Training a new client is a very exciting time. There are lots different variables that need to be addressed to make sure you are programming the correct training to help meet their goals. Long-term planning for a client, whether a weight loss client or a sporty client, is known as periodisation.
Periodisation is a planned alteration of training loads (volume and intensity) to enhance performance, but also to avoid overtraining (Costas et al., 2015). All types of training including aerobic, sport specific, interval and resistance training can be periodised (Fleck., 2011).
The two most common types of periodisation are Linear Periodisation (LP)and Block Periodisation (BP). A traditional LP programme is generally divided into three cycles with a large initial training volume at a moderate intensity progressing into an increased intensity but decrease in volume across the cycle (Apel et al. 2011). Typically with LP the varying training cycles are split into 4-6 weeks (a mesocycle) (Fleck., 2011). BP is known as short periods (1 – 4 weeks) with focus on refining speciﬁc abilities while other abilities are maintained (Issurin, 2010).
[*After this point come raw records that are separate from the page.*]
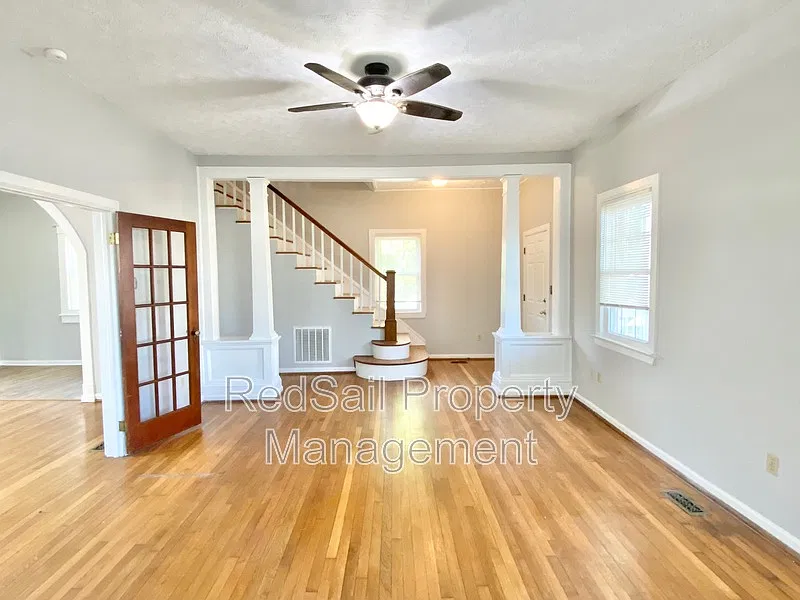 Monroe Colony — Photo 4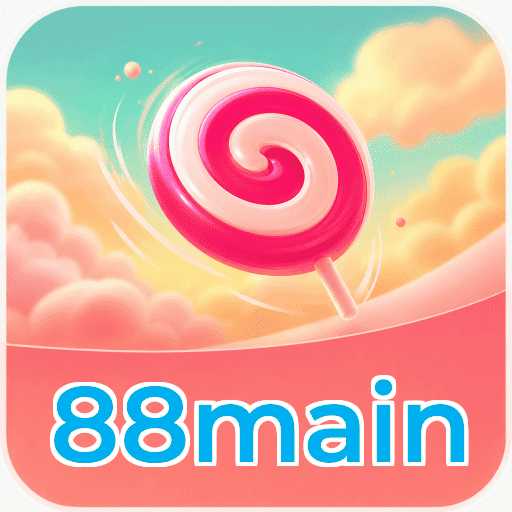 88main APK Structure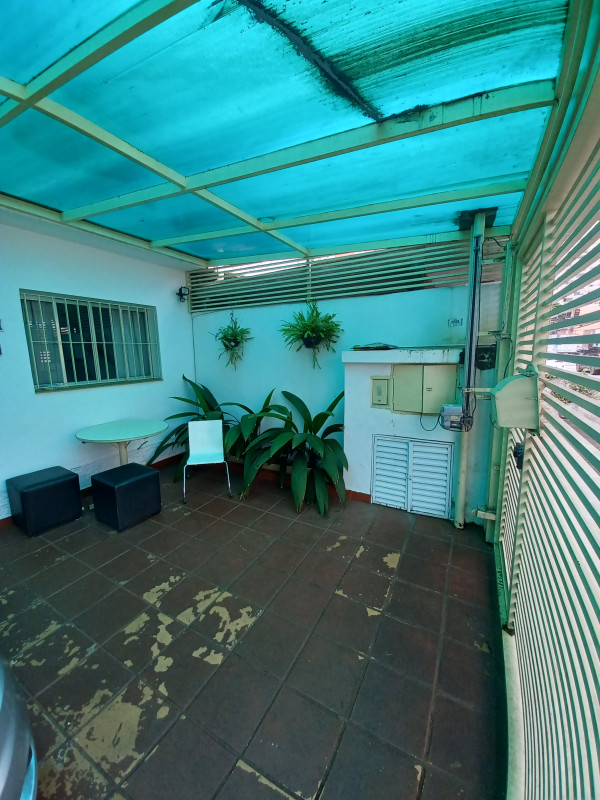 Casa para alugar Brooklin com 150m² e 8 quartos por R$ 6.000 - 663392542-20230112-091343.jpg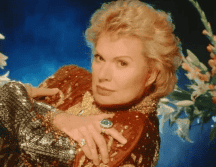 Conoce las predicciones de Walter Mercado para cada signo zodiacal durante esta semana. FACEBOOK/WALTER MERCADO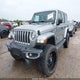 1C4HJXEG8JW322107 2018 Jeep Wrangler Unlimited Sahara 4X4 auction photo thumbnail 2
Example of Linear Periodisation
Bench 10 reps @ 60kg
Squat 10 Reps @ 80kg
Deadlift 10 reps @ 80kg
Bench 8 Reps @ 70kg
Squat 8 reps @ 100kg
Deadlift 8 reps @100kg
Bench 5 Reps @ 90kg
Squat 5 reps @ 120kg
Deadlift 5 reps @ 120kg.
Note – the volume decreases as the intensity (load) increases, classically starting with a hypertrophic adaptation then moving through to pure strength and power.
Example of Block Periodisation
During a ‘block’ an example training week looks like this:
- Monday – Linear Acceleration
- Tuesday – Strength
- Wednesday – Rest
- Thursday – Strength
- Friday – Conditioning
- Saturday – Rest
- Sunday – Rest or Active Recovery Day
This week would be improve speed, strength and endurance all in one go. Ideal for sports players and athletes.
Which Approach Is Better?
Neither. Both LP and BP have their uses for different individual needs, goal and training experience.
Block Periodisation – The main advantage block training has over LP is it’s flexibility, especially when it comes to training more than one quality at once. For example, in a sports team it is more than likely you will need to improve more than one physical quality at once, BP is perfect for this.
Linear Periodisation – A linear training programme allows for simple and easy progressive overload in an aim to improve athletic performance (Bompa, 1999). Using linear periodisation ensures the players do not overreach and injure themselves and allows for easy training load monitoring.
Try both approaches and see which works best for your clients and their goals.